The Basics of Womens Self-Defence Awareness and Self-Perception
The Basics of Women Self-Defense
Nearly every day, there are horrific situations on the media regarding violence against women. Women are faced with many uncomfortable situations, from street robberies and stalking to jealous ex-boyfriends or domestic violence involving people that are supposedly dear to them.
Fortunately, you can learn to avoid violent confrontations by attending ladies self defence and safety awareness classes.
The training is not focused on martial art fighting techniques that require flexibility and fine motor skills, but rather basic safety strategies focused on basic awareness, retreat and escape, and some physical skills to help you block against strikes and being grabbed.

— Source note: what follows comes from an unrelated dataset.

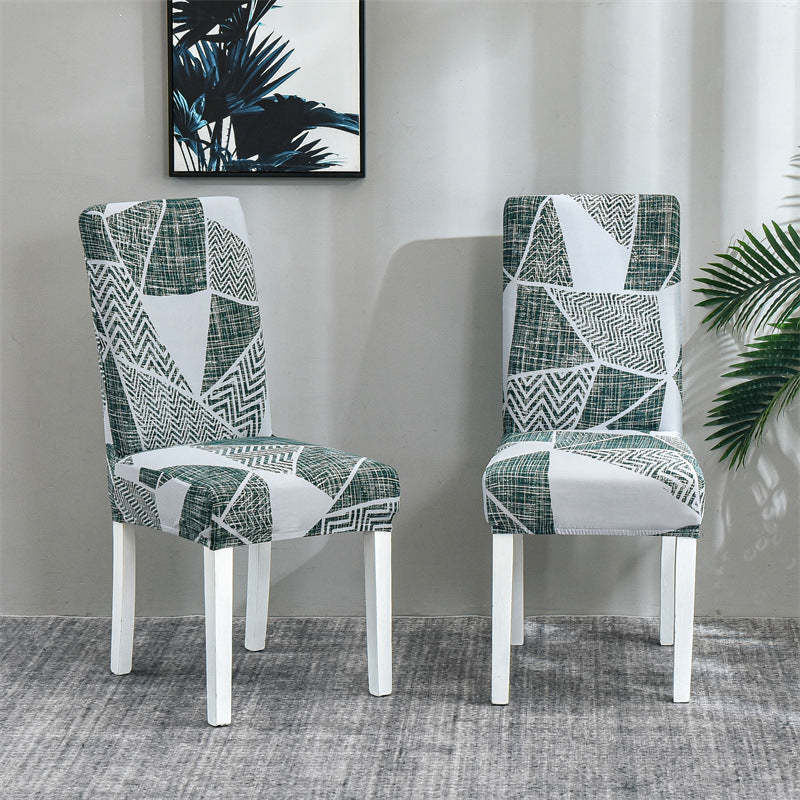Chair Covers - Office Dining Room Plants and Flowers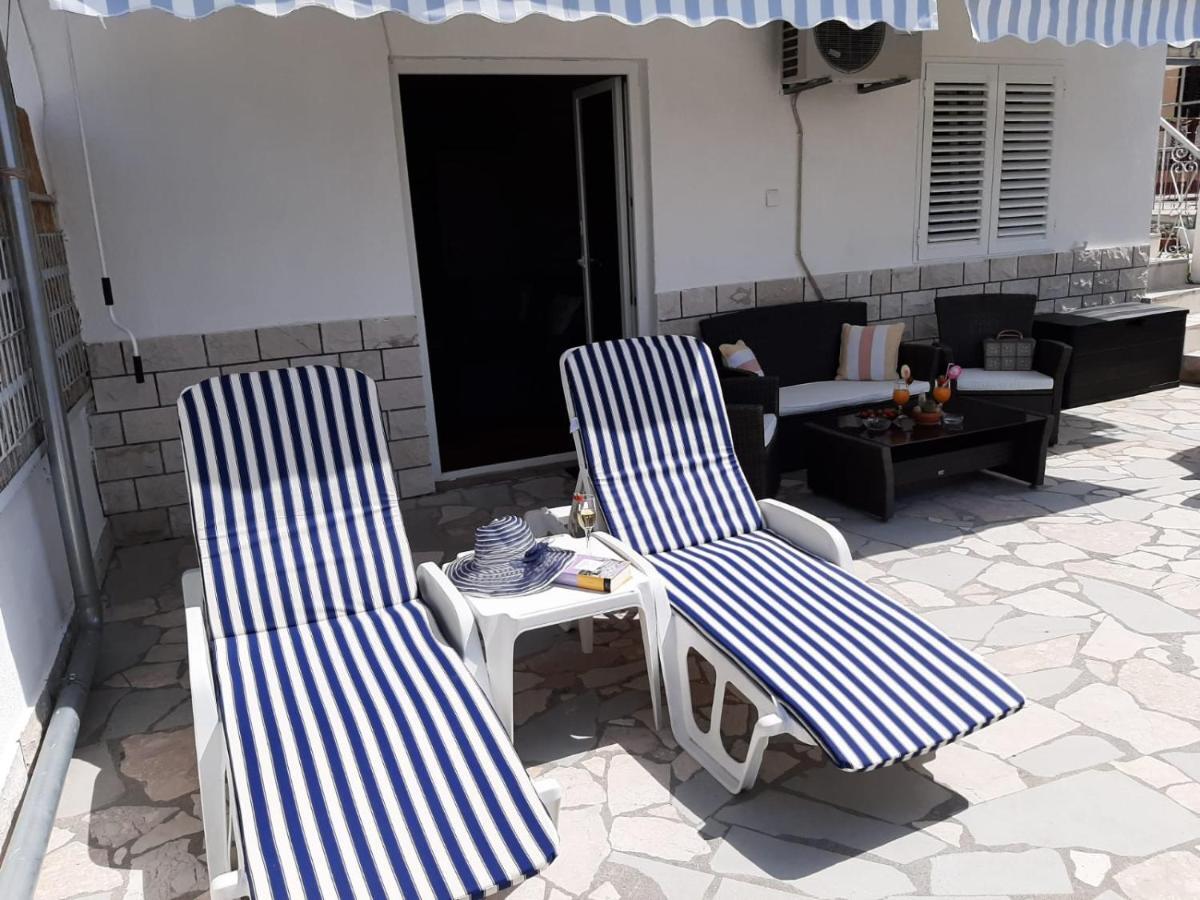 Apartments Bruno Сплит Экстерьер фото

Many ladies self defence classes focus on prevention, avoidance, and deterrence of grim situations by enhancing awareness so you can notice when things do not look right; act immediately to get out of that situation and into a safer place; compose yourself to call for help; and quickly equip yourself with everyday objects that could assist in your self-defence.
Trainers believe that this mindset and thought process is what gives you a “fighting chance” against bigger and stronger men – not magical solutions.
Some of the things imparted to you during
self-defence classes include:
1. Awareness and Defence
Many people think that a kick to the groin and blocking punches is what you learn in self-defence classes, but this is not the most important training. Your first line of defence, and possibly the most important one, is awareness – awareness of yourself, your surroundings, and your attacker’s likely strategies.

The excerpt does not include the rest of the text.